Non è sempre detto che il margine di interesse di una banca sia positivo e non perché l’istituto presti denaro a un interesse medio inferiore a quello a cui lo ha preso a sua volta a prestito dai clienti, ma per diversi fenomeni. Uno di questi è l’aumento delle sofferenze nelle fasi economiche avverse. Si pensi alle banche italiane dopo il 2007, che hanno visto quintuplicare mediamente il rapporto tra i prestiti andati male, formalmente crediti deteriorati o Non performing loan, e quelli complessivamente erogati. Molti di questi crediti in sofferenza non tornano più indietro, o almeno non per intero, per esempio, per il fallimento dell’impresa debitrice o perché il cliente che aveva acceso un mutuo ha perso il lavoro e non riesce più a pagare le rate. La svalutazione dei crediti andati perduti riduce, per la formula sopra indicata, il margine di interesse.
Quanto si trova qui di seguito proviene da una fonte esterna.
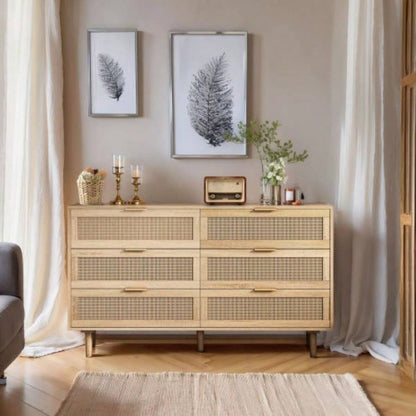 51 Rattan Dresser with Drawers, 6 Drawer Dresser Bedroom, Clothes Storage Cabinet Bedroom, Metal HandleWood Hallway, Living Room, Bedroom, Natural
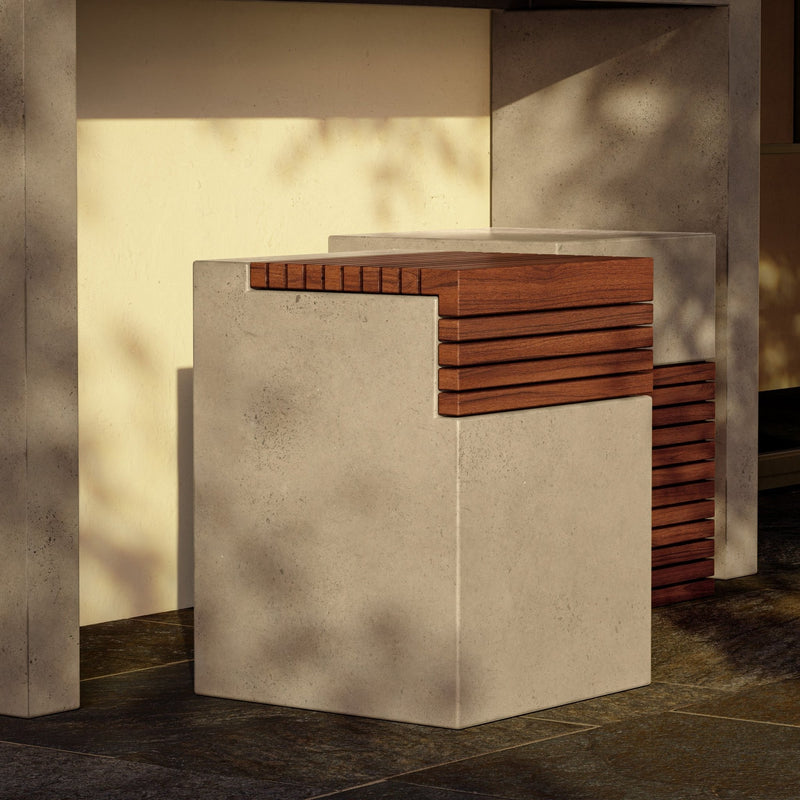 Stecca Cascata Stool - Urbia Stools + Benches + Ottomans - Dark Grey Natural - HORNE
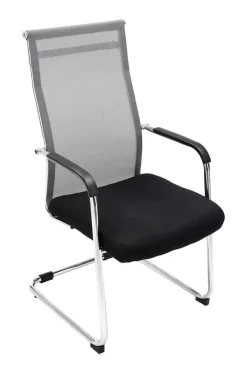 Besucherstuhl DAKAR Stoff Grau 55x62x106.5 cm Besucherst?hle Konferenzstuhl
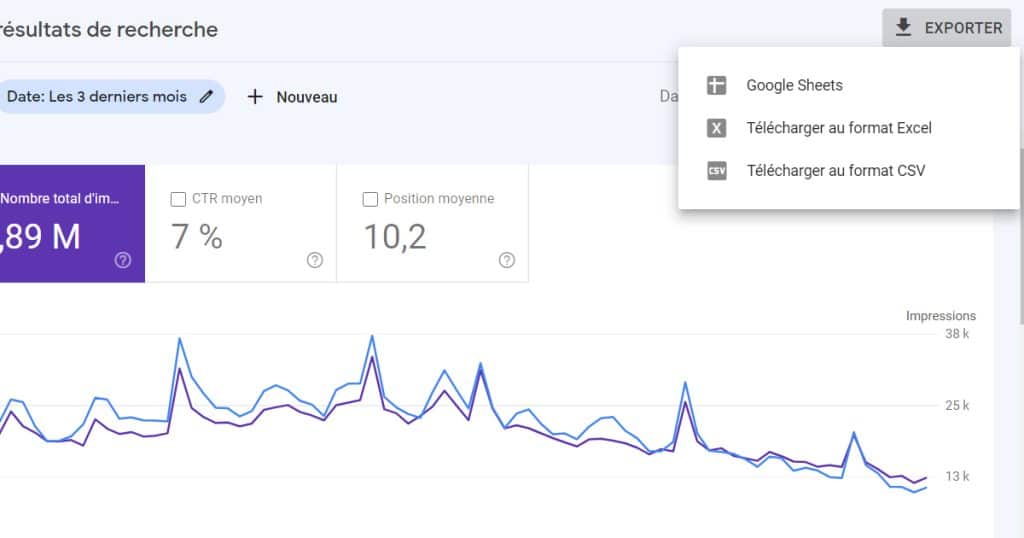 Exporter les données de la search console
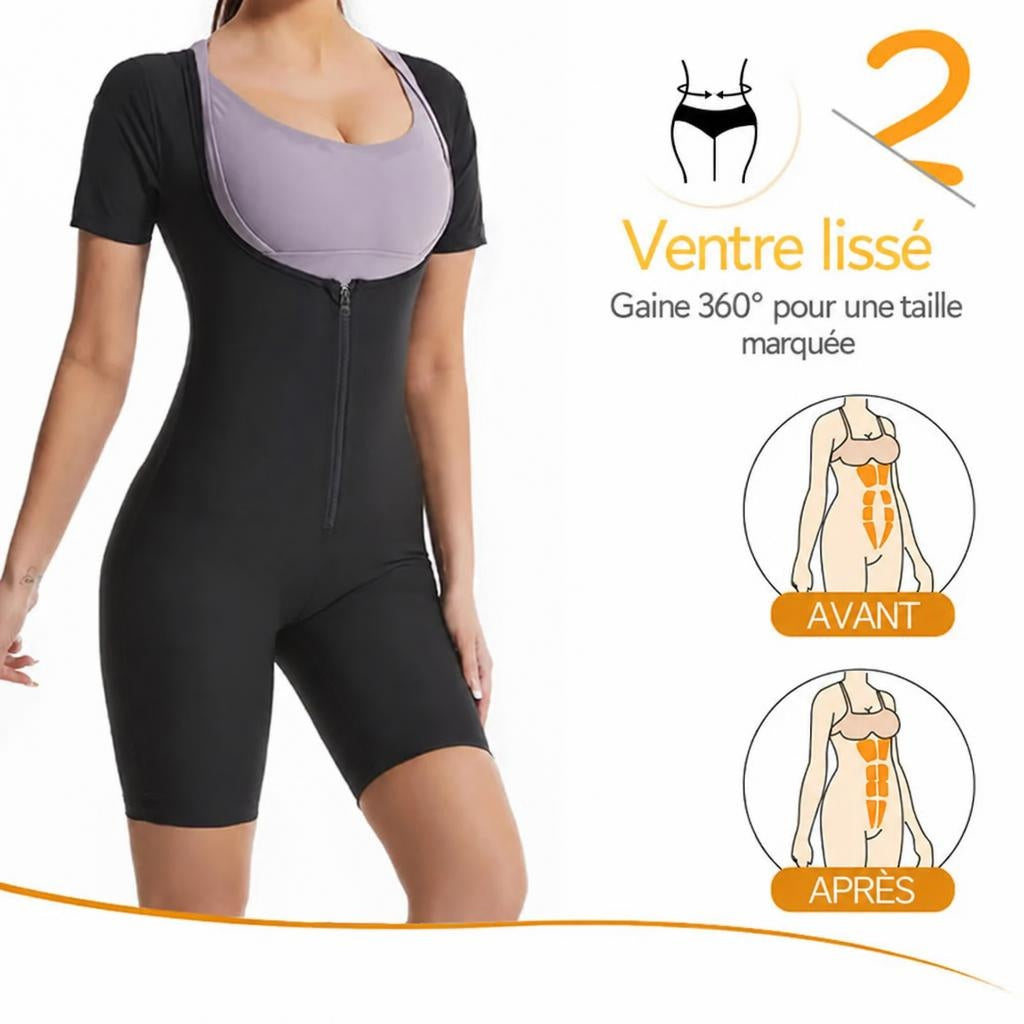 Combishort de Sudation Zippé Manches Courtes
Un’altra causa di un margine di interesse basso o persino negativo potrebbe essere connessa a uno stato di crisi dell’economia, come il caso appena esposto, ma alimentata dai bassi tassi imperanti sul mercato. Sta accadendo negli ultimi anni, infatti, che le banche centrali abbiano azzerato i tassi per stimolare l’economia, dopo lo scoppio della devastante crisi finanziaria nel 2008. Ora, quando i tassi sono molto bassi, le banche vanno incontro a un’asimmetria sui mercati a loro sfavore, perché da un lato sono costrette a prestare denaro a interessi bassi, dall’altro non possono spingersi fino al punto di tagliare i tassi offerti ai clienti a zero o, addirittura, anche sotto. Questo, perché verosimilmente perderebbero risparmi depositati, visto che verrebbe meno la convenienza di portarli in banca. Dunque, mentre i tassi passivi presentano un floor, ovvero un limite minimo invalicabile, non così è per i tassi attivi, che potrebbero anche azzerarsi.
I bassi margini d’interesse, specie dopo la crisi finanziaria, hanno spinto le banche italiane, così come anche quelle concorrenti all’estero, a puntare maggiormente su altre fonti di reddito, come le commissioni. Il discorso, in verità, risale già alla nascita dell’Eurozona, quando i tassi nominali e reali sul mercato del credito si erano abbassati, incentivando le nostre banche, abituate a un ambiente generalmente di alti tassi, a ricavare un maggiore reddito dall’applicazione delle commissioni su operazioni varie dei clienti, come un semplice bonifico o l’apertura di un conto corrente o il rilascio di una carta di credito.